(Input begins)

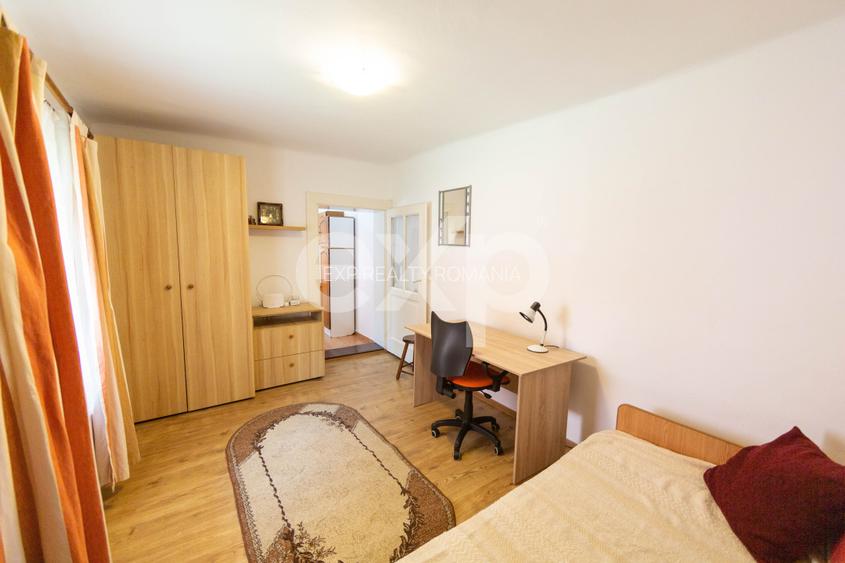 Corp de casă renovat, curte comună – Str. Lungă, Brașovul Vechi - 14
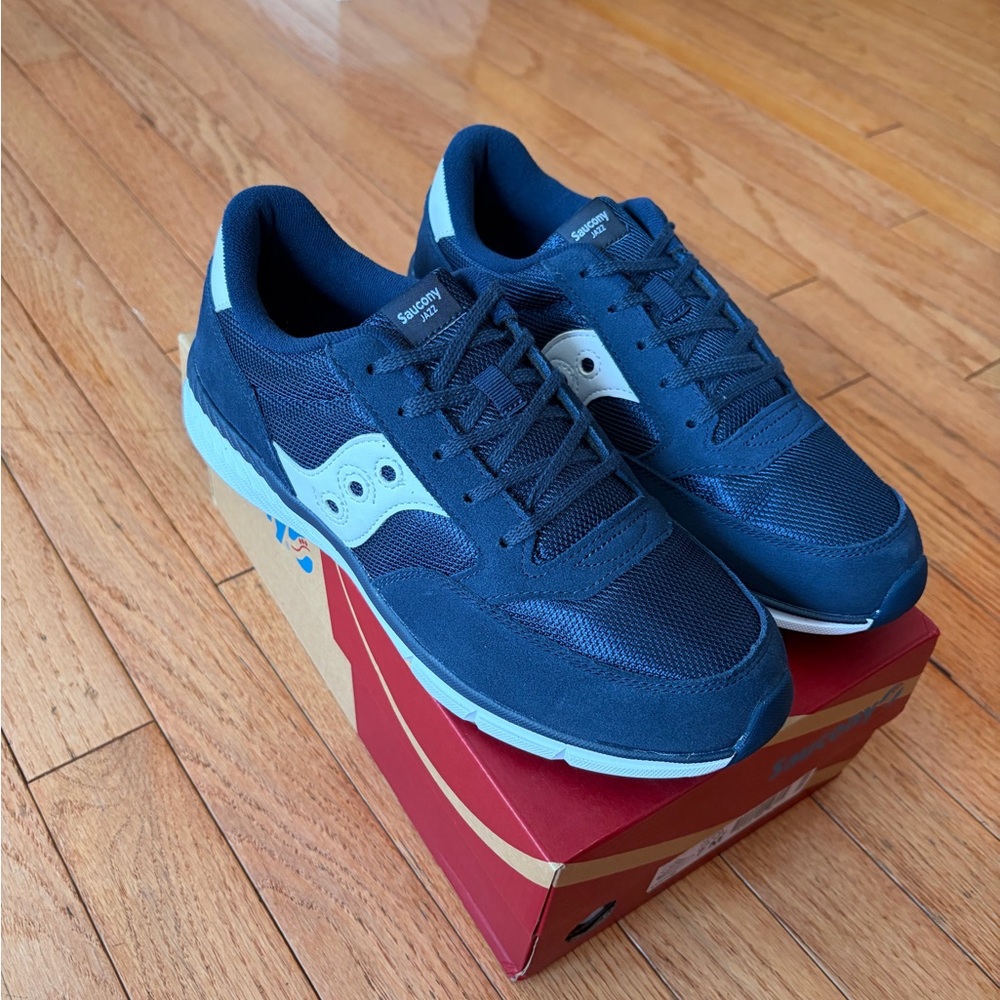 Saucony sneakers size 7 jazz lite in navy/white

(Input ends)
(Input begins)

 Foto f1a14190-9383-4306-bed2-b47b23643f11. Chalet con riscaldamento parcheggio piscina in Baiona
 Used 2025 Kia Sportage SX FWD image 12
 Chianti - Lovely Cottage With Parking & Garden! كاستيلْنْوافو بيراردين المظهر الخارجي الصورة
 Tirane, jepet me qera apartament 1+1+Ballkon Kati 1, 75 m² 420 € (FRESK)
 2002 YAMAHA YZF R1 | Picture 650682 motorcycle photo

(Input ends)

### Exercise instructions
From the data above, retype only the lines starting with the line with "Corp de casă" and going on through the line with "Saucony sneakers size", exactly, leaving out the pictures.

### Answer section
 Corp de casă renovat, curte comună – Str. Lungă, Brașovul Vechi - 14
 Saucony sneakers size 7 jazz lite in navy/white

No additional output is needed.